• [WORK INSTRUCTIONS] Only certain lines below are wanted: those starting at the line containing "3. JAMUR SEBAGAI" and ending at the line containing "Eyes of the Midnight Raven", both included, each retyped exactly.

=== GIVEN RECORDS ===

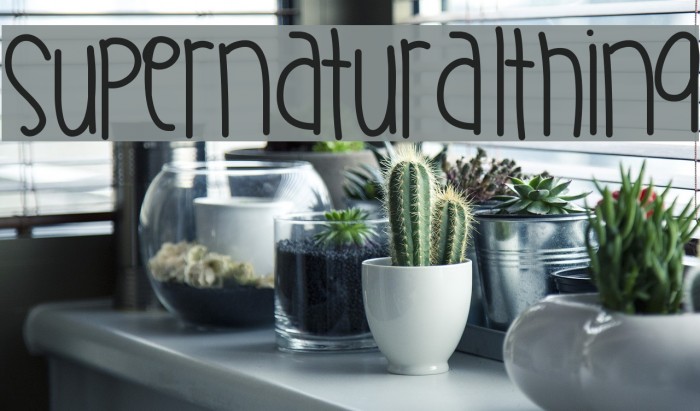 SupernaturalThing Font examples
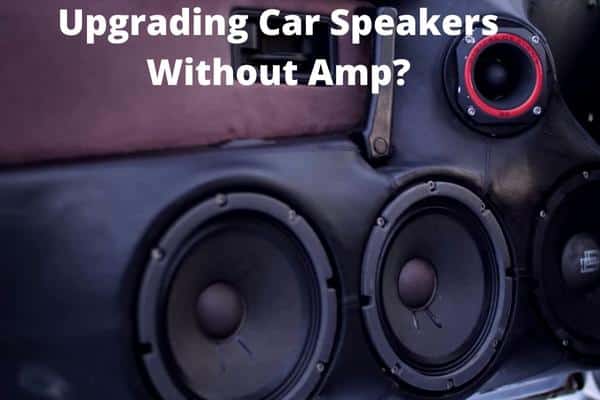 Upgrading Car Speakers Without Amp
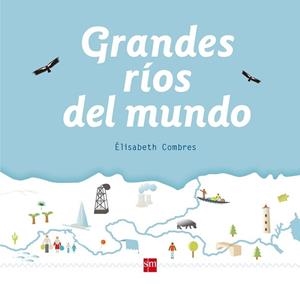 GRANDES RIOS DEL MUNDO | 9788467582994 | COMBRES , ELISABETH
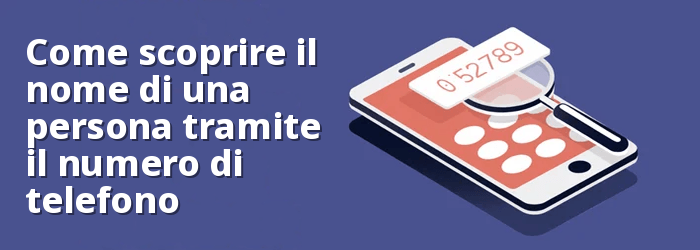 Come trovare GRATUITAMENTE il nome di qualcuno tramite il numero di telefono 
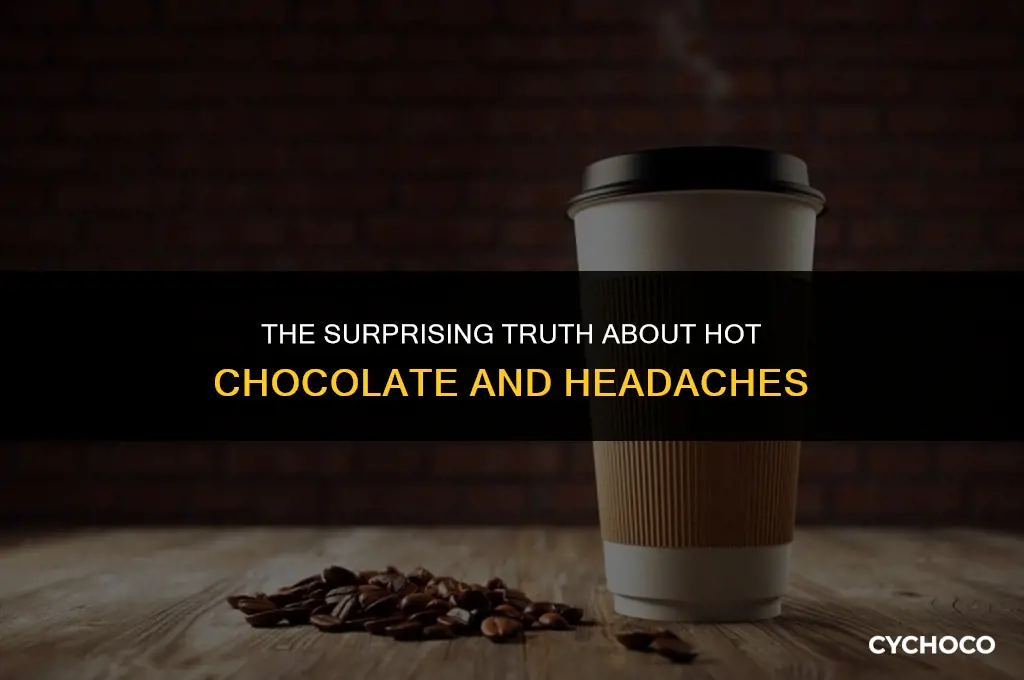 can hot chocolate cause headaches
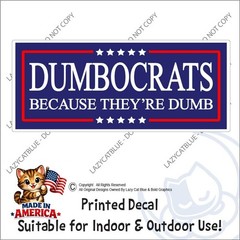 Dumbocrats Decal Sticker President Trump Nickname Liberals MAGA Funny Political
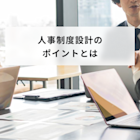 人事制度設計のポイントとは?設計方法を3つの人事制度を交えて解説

===
=== GIVEN RECORDS ===

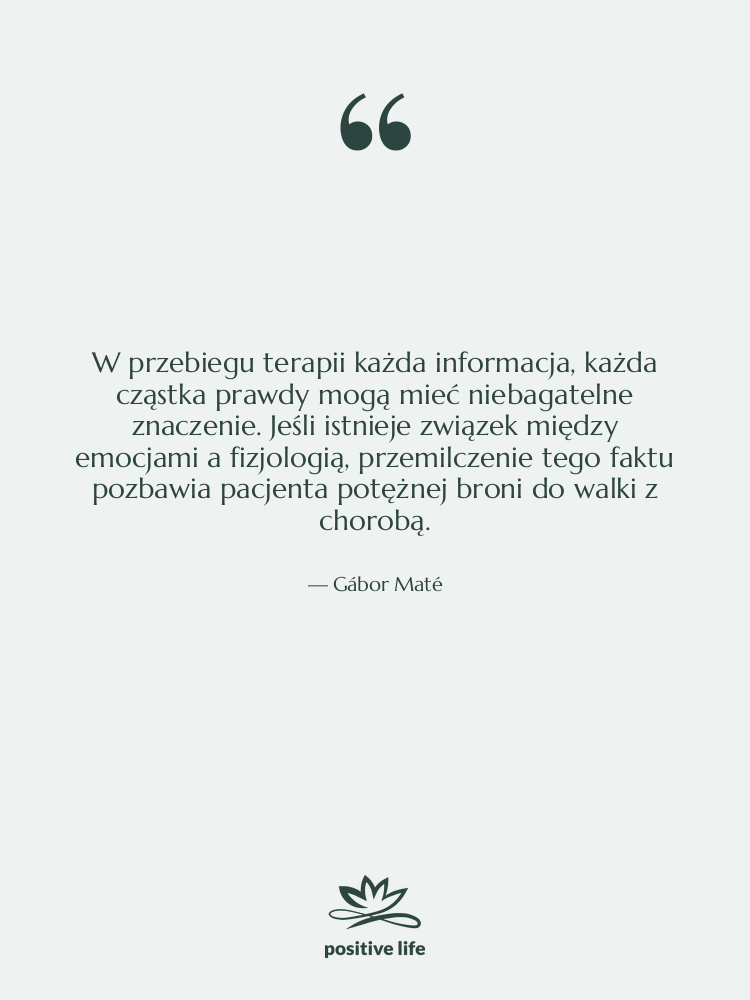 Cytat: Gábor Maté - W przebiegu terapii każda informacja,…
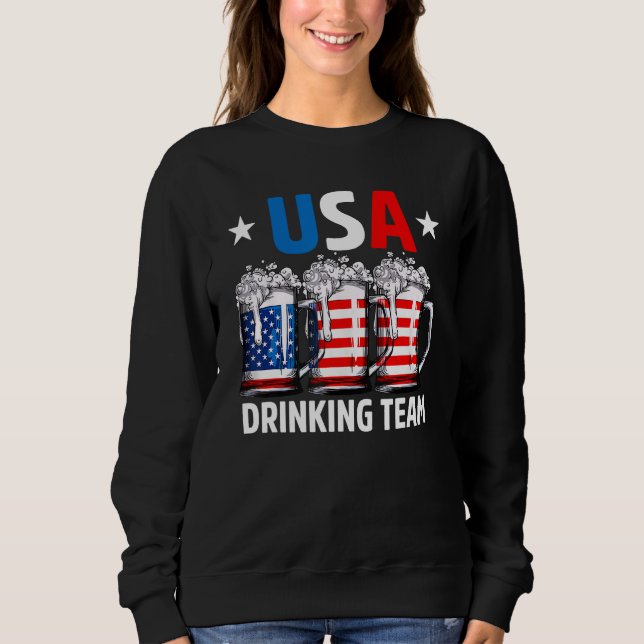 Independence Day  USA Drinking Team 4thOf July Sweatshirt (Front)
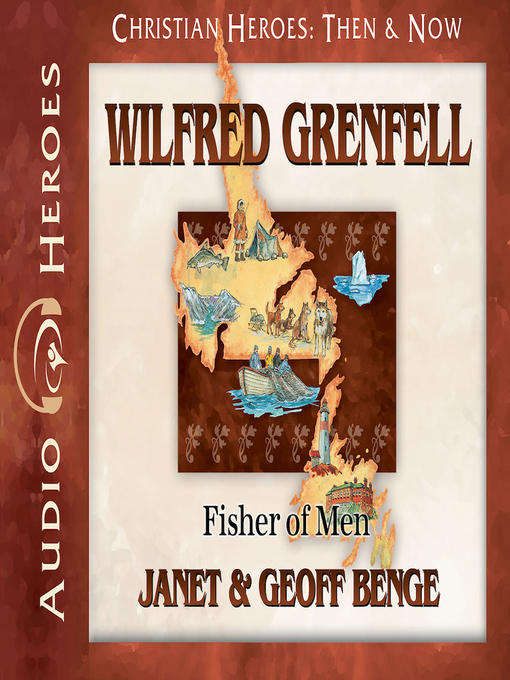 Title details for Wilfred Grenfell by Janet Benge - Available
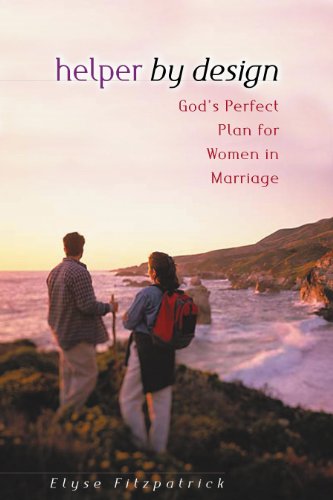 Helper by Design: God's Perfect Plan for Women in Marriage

===
=== GIVEN RECORDS ===

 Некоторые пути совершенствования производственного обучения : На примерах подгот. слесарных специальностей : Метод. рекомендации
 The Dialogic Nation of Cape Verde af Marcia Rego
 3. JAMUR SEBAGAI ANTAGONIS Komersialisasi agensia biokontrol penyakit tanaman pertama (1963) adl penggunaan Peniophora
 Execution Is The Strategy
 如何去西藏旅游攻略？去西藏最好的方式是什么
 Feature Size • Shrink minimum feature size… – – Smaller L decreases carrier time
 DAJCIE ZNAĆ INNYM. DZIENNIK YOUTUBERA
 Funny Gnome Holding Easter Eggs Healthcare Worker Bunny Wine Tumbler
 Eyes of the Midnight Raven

===

• [YOUR RESPONSE]
 3. JAMUR SEBAGAI ANTAGONIS Komersialisasi agensia biokontrol penyakit tanaman pertama (1963) adl penggunaan Peniophora
 Execution Is The Strategy
 如何去西藏旅游攻略？去西藏最好的方式是什么
 Feature Size • Shrink minimum feature size… – – Smaller L decreases carrier time
 DAJCIE ZNAĆ INNYM. DZIENNIK YOUTUBERA
 Funny Gnome Holding Easter Eggs Healthcare Worker Bunny Wine Tumbler
 Eyes of the Midnight Raven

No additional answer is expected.